Segment Open

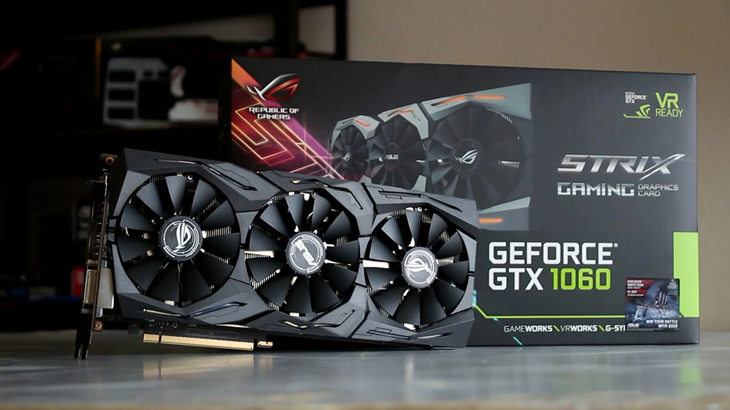GTX 1060 – самая народная видеокарта в истории. Как она прожила так долго и почему умерла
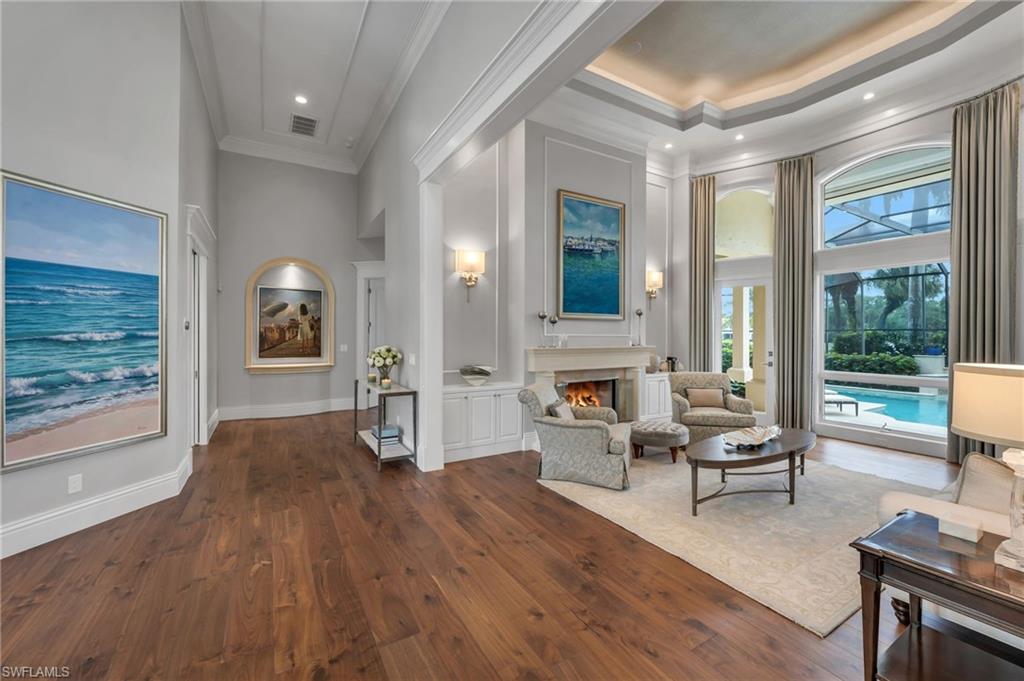 ESTATES AT GREY OAKS - Residential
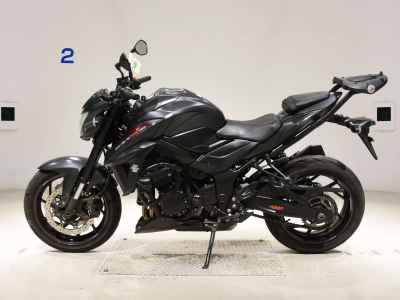 Suzuki GSX-S750 2017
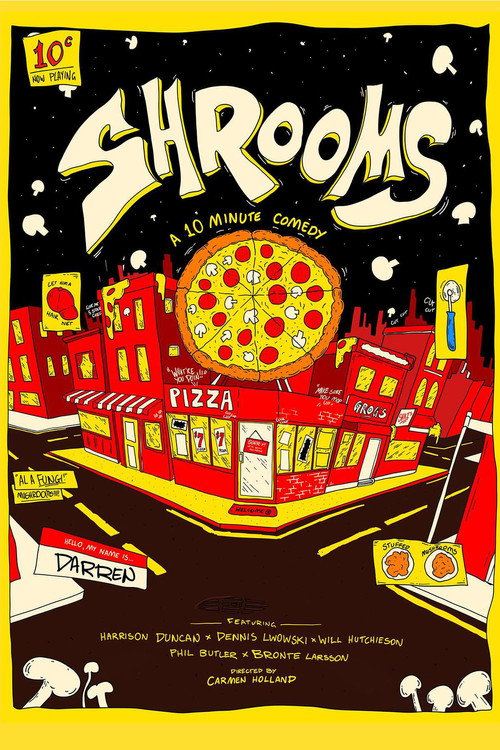 Shrooms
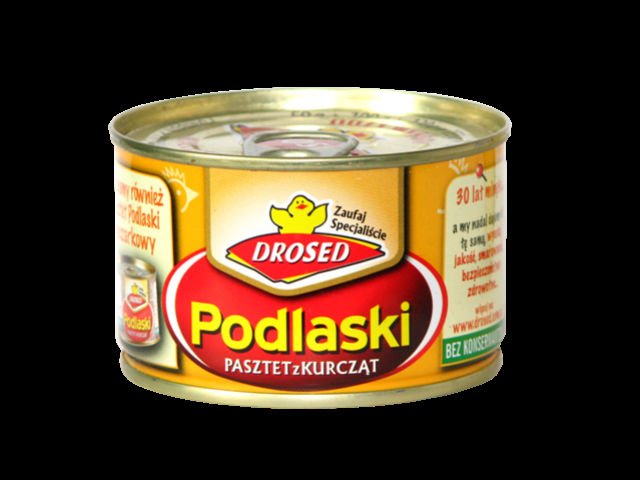 MEAT CANS / PATES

Segment Closed

Transcribe all records verbatim, no pictures.

> [Written response]:
GTX 1060 – самая народная видеокарта в истории. Как она прожила так долго и почему умерла
 ESTATES AT GREY OAKS - Residential
 Suzuki GSX-S750 2017
 Shrooms
 MEAT CANS / PATES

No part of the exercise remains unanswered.